Data block.

◇ ◇ ◇ ◇

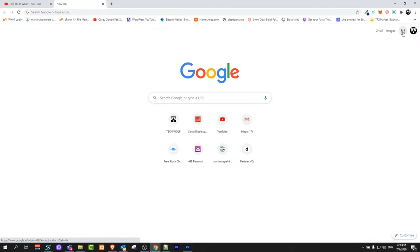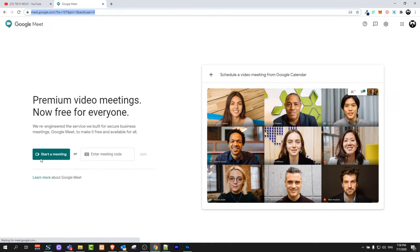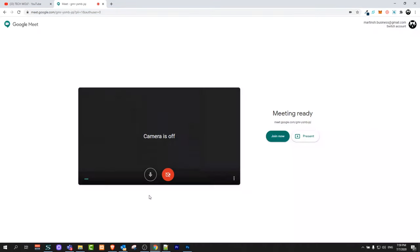Let's log into Google Meet. Just click here, click on your applications, find your Meet application. Just click in there and click here on start meeting.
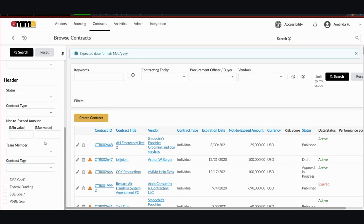And there are four check boxes at the bottom also for DBE Goal, Federal Funding, SBE Goal, or VSBE Goal. So you can see there are lots of ways to filter your searches to find what you're looking for and browse contracts. If you run into any problems, you can rewatch this video, read through the QRGs, or reach out to emma.helpdesk at maryland.gov for assistance. Thanks and have a great day.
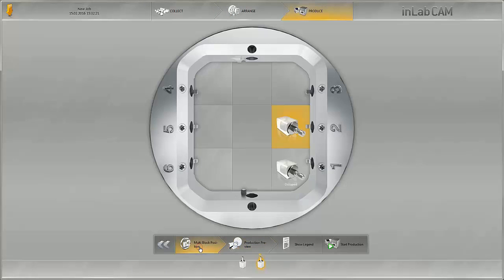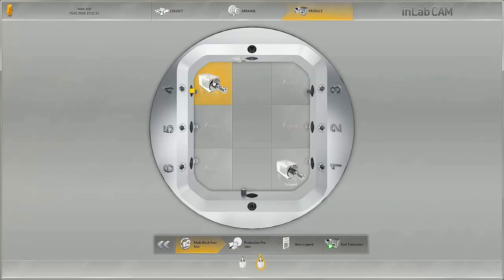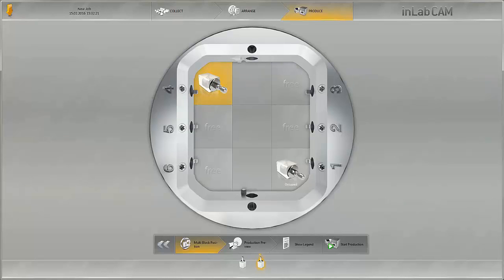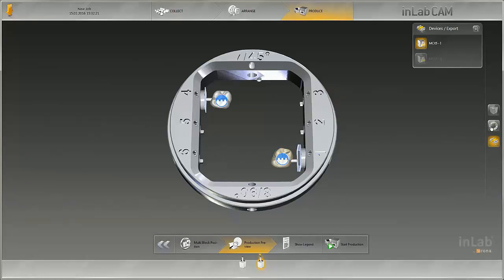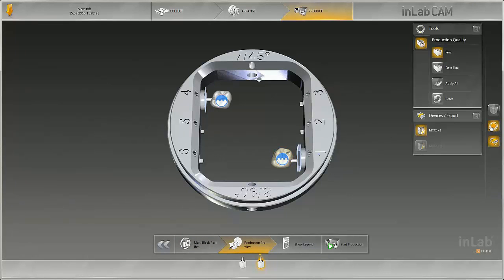The block positions can be changed subsequently. Here too, the production quality of the restorations can be defined.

◇ ◇ ◇ ◇

Problem to solve.
Print the preceding material over again exactly. Please leave the pictures out.

Output of the task.
Let's log into Google Meet. Just click here, click on your applications, find your Meet application. Just click in there and click here on start meeting.
And there are four check boxes at the bottom also for DBE Goal, Federal Funding, SBE Goal, or VSBE Goal. So you can see there are lots of ways to filter your searches to find what you're looking for and browse contracts. If you run into any problems, you can rewatch this video, read through the QRGs, or reach out to emma.helpdesk at maryland.gov for assistance. Thanks and have a great day.
The block positions can be changed subsequently. Here too, the production quality of the restorations can be defined.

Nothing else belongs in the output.